Hyaluronic acid has beneficial effects in vitro.4 Because of its viscoelastic quality, it may replace synovial fluid. Furthermore, it may reduce the perception of pain. Beneficial molecular and cellular effects have also been reported.2,4 Hyaluronic acid is frequently applied by intra-articular injection, but the evidence concerning its clinical relevance is conflicting. The European League against Rheumatism (EULAR) recommends the intra-articular application of hyaluronic acid as “category 2” evidence (at least 1 controlled study without randomization).5 The American College of Rheumatology recommends intra-articular hyaluron therapy for patients with no response to nonpharmacologic therapy and simple analgesics.6 In contrast, other specialists have concluded that “hyaluronate sodium is not efficacious” in the treatment of osteoarthritis.7 The first state-of-the-art systematic review and meta-analysis was published recently,8 and its authors concluded “that intra-articular hyaluronic acid, at best, has a small effect.”
We performed a systematic review and meta-analysis of the effect of intra-articular hyaluronic acid for the treatment of osteoarthritis of the knee. In contrast to 2 previous meta-analyses on this subject,8,9 we used a different approach to data synthesis and interpretation: instead of analyzing a composite effect size over time, we allocated trial data, when possible, to 3 outcome groups that we assumed would be relevant for patients with osteoarthritis. We specifically looked at pain at rest, pain during exercise and joint function as distinct outcomes, measured repeatedly over time. In addition, we assessed adverse events and the impact of both trial quality and molecular mass of the product. This analysis allows us to provide important additional insight into the effects of intra-articular administration of hyaluronic acid for the treatment of osteoarthritis of the knee.
Methods
We identified all randomized controlled trials comparing various preparations of hyaluronic acid with placebo in patients with osteoarthritis. We searched MEDLINE, EMBASE, CINAHL, BIOSIS and the Cochrane Controlled Trial Register from inception until April 2004. The search string was [(osteoarthritis) or (degenerative arthritis) or (gonarthrosis) or (knee near arthralgia) or (knee near pain) or (patella near pain) or (patellofemoral near pain) or (patello near femoral pain) or (retropatellar near pain) or (femoropatellar near pain) or (femoro-patellar near pain)] and [(hyaluronan) or (hyaluronate) or (viscosupplementation) or (visco near supplementation) or (hyaluronic acid)]. For the MEDLINE and EMBASE searches we used validated search terms to identify randomized controlled trials (see Appendix 1).10,11 We predefined a variety of clinical outcomes: pain at rest, pain during or immediately after movement, joint function and adverse events. We also predefined time points of assessment in broad categories: 2–6 weeks, 10–14 weeks, 22–30 weeks and 44–60 weeks.

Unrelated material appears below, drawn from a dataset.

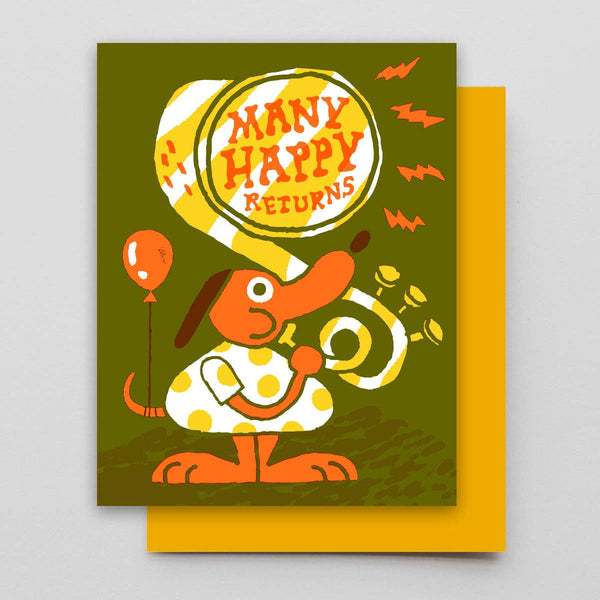 Birthday Tuba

Two reviewers (J.A. and P.M.) independently abstracted data from each trial and entered the data on a predefined form. We compared the results and resolved disagreement by discussion among 3 reviewers (J.A., P.M., M.M.).

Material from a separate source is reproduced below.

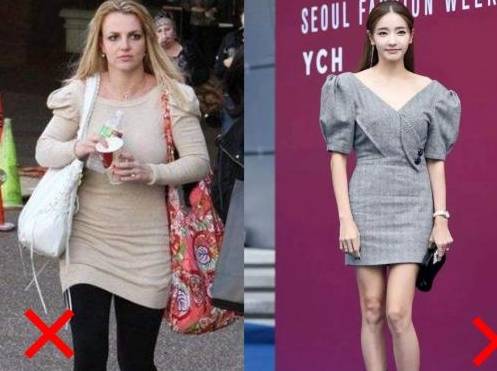西装|建议胖胖女生，有这4件衣服的话赶紧扔掉，显得又丑又矮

We determined whether concealment of allocation to treatment was reported, the degree of blinding (doctor blinded to the intervention, patient blinded to the intervention, assessor of the end point blinded to the intervention) and whether an intention-to-treat analysis was reported.
We extracted estimates of the effect of the intervention and its variance from the figures in the article, if these values were not explicitly reported in the text or tables. If a trial did not report measures of variability, we calculated them from p values or confidence intervals. For one trial12 we took the median to be representative of the mean and converted the interquartile range into a standard deviation by dividing it by 1.35.13 With one exception, all trials with data that could be extracted for quantitative analysis reported on loss to follow-up.
We used random-effects models to pool the data. Continuous outcomes were combined by either weighted mean differences or standardized mean differences, as appropriate.13 We used summary risk ratios to combine adverse events. We calculated 95% confidence intervals (CIs) for all point estimates.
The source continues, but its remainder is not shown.